*EXERCISE OBJECTIVE*.
Would you quote every entry exactly, dropping only the pictures?

======== EXTRACTED ENTRIES ========

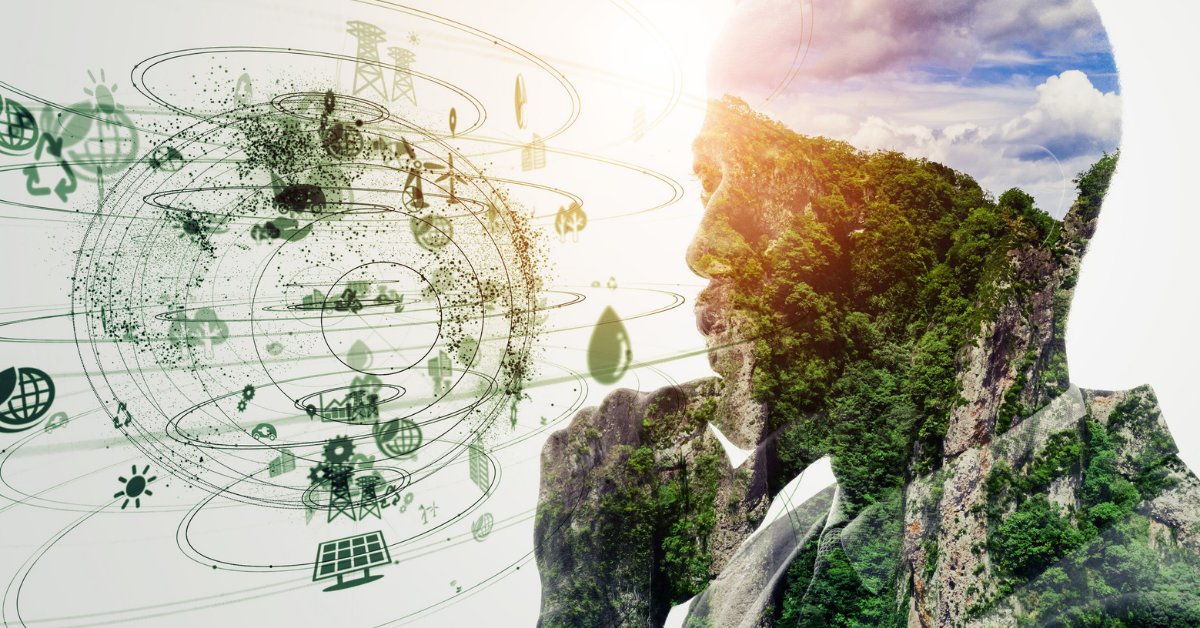 Qlik Sports tweet media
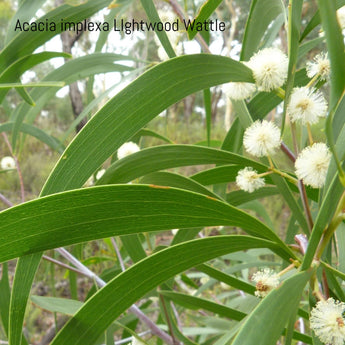 Acacia implexa Lightwood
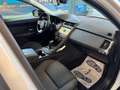 Jaguar E-Pace E-Pace Basis AWD Weiß - thumbnail 4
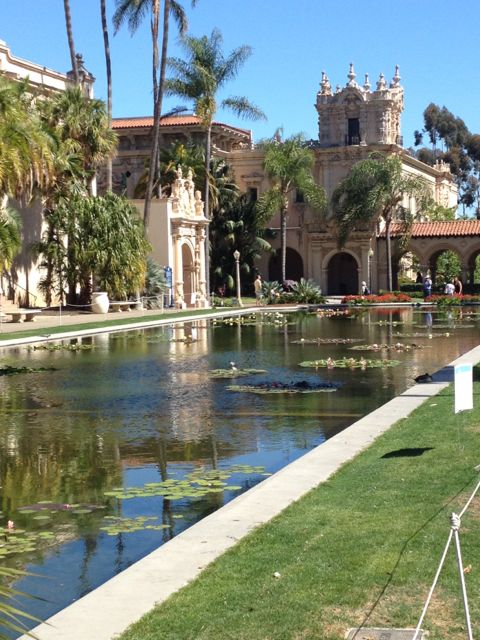 I told you Balboa Park is beautiful!! I may have to go back and plein air paint next time! 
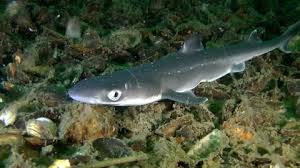 Image result for Squalus acanthias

========

*RESPONSE TO THE EXERCISE*.
 Qlik Sports tweet media
 Acacia implexa Lightwood
 Jaguar E-Pace E-Pace Basis AWD Weiß - thumbnail 4
 I told you Balboa Park is beautiful!! I may have to go back and plein air paint next time! 
 Image result for Squalus acanthias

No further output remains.